(TASK MATERIAL)

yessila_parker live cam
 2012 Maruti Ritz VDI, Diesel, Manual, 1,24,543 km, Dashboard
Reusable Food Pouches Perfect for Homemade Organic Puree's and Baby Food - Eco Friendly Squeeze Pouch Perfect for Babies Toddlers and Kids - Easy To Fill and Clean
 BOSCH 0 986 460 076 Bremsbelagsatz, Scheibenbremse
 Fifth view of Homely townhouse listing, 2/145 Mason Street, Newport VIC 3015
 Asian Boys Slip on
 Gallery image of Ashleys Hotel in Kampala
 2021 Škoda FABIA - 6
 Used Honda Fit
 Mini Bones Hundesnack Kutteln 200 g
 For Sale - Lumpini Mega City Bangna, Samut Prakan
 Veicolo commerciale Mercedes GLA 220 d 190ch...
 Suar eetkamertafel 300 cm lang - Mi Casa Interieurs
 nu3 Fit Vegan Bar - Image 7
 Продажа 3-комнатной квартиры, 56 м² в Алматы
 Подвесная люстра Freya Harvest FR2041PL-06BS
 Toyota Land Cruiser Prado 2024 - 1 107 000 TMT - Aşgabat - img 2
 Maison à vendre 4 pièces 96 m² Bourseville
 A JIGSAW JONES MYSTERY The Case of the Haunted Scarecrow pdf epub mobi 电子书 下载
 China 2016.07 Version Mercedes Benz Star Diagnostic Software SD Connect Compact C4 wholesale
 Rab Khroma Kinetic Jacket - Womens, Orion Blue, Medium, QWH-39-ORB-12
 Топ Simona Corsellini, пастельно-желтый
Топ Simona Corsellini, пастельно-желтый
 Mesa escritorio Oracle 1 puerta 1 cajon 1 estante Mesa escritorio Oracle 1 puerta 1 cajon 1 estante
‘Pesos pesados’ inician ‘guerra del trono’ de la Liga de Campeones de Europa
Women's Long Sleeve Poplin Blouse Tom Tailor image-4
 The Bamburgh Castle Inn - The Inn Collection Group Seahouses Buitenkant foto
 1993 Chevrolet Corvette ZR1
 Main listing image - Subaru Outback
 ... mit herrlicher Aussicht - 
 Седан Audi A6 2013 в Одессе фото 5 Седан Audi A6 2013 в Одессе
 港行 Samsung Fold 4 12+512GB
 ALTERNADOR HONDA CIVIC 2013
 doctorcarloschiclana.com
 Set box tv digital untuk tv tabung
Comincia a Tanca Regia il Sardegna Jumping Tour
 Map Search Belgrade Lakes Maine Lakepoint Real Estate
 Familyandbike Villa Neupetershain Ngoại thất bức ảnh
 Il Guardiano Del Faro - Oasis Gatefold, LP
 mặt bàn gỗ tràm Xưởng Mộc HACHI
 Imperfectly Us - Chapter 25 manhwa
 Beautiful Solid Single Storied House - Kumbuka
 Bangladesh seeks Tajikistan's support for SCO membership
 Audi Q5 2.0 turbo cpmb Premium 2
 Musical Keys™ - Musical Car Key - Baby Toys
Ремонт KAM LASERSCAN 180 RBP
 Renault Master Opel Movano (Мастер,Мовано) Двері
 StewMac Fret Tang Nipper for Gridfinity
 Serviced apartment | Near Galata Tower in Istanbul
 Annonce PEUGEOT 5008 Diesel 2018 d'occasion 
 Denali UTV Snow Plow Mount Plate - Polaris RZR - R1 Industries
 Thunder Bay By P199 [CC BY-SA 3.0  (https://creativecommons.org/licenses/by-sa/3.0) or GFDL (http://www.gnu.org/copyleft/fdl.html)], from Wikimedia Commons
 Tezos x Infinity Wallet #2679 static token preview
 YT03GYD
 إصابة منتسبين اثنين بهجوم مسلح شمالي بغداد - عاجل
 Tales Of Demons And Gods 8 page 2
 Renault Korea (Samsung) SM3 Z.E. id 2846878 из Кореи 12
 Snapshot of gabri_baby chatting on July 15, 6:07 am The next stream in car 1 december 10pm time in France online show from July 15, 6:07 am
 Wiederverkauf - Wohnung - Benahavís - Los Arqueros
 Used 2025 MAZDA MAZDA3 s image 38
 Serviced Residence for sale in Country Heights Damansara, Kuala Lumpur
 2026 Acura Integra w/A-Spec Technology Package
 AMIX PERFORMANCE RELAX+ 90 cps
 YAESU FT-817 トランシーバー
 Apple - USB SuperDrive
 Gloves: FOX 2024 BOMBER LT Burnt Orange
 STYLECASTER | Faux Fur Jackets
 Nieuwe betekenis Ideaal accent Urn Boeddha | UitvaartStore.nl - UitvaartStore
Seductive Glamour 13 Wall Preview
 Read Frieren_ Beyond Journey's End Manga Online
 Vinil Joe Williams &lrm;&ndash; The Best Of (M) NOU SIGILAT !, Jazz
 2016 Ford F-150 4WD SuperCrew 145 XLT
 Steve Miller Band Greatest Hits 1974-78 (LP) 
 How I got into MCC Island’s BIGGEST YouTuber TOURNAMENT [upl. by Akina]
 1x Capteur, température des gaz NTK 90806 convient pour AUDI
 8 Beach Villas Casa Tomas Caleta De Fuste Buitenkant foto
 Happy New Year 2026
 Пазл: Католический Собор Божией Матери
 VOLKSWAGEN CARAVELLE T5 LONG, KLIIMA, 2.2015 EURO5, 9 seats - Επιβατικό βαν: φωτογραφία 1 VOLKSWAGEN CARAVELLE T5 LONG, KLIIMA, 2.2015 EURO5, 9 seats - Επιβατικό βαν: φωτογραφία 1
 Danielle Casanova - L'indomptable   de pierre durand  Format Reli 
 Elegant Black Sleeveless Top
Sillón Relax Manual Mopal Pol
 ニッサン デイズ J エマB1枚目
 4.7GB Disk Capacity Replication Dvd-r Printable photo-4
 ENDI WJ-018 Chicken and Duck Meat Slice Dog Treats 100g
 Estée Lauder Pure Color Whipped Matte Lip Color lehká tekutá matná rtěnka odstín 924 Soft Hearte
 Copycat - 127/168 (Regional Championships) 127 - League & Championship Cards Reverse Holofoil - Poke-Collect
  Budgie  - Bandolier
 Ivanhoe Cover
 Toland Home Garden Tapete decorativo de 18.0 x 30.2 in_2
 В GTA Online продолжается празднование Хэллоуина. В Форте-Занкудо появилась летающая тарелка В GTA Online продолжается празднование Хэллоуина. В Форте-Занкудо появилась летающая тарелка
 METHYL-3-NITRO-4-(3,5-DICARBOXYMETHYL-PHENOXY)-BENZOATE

(End TASK MATERIAL)

● **AIM OF THE TASK**
Using the entries above, give back exactly the line containing "Thunder Bay By", the line containing "1x Capteur, température", and every line between them, and nothing else.

● **RESPONSE BOX**
 Thunder Bay By P199 [CC BY-SA 3.0  (https://creativecommons.org/licenses/by-sa/3.0) or GFDL (http://www.gnu.org/copyleft/fdl.html)], from Wikimedia Commons
 Tezos x Infinity Wallet #2679 static token preview
 YT03GYD
 إصابة منتسبين اثنين بهجوم مسلح شمالي بغداد - عاجل
 Tales Of Demons And Gods 8 page 2
 Renault Korea (Samsung) SM3 Z.E. id 2846878 из Кореи 12
 Snapshot of gabri_baby chatting on July 15, 6:07 am The next stream in car 1 december 10pm time in France online show from July 15, 6:07 am
 Wiederverkauf - Wohnung - Benahavís - Los Arqueros
 Used 2025 MAZDA MAZDA3 s image 38
 Serviced Residence for sale in Country Heights Damansara, Kuala Lumpur
 2026 Acura Integra w/A-Spec Technology Package
 AMIX PERFORMANCE RELAX+ 90 cps
 YAESU FT-817 トランシーバー
 Apple - USB SuperDrive
 Gloves: FOX 2024 BOMBER LT Burnt Orange
 STYLECASTER | Faux Fur Jackets
 Nieuwe betekenis Ideaal accent Urn Boeddha | UitvaartStore.nl - UitvaartStore
Seductive Glamour 13 Wall Preview
 Read Frieren_ Beyond Journey's End Manga Online
 Vinil Joe Williams &lrm;&ndash; The Best Of (M) NOU SIGILAT !, Jazz
 2016 Ford F-150 4WD SuperCrew 145 XLT
 Steve Miller Band Greatest Hits 1974-78 (LP) 
 How I got into MCC Island’s BIGGEST YouTuber TOURNAMENT [upl. by Akina]
 1x Capteur, température des gaz NTK 90806 convient pour AUDI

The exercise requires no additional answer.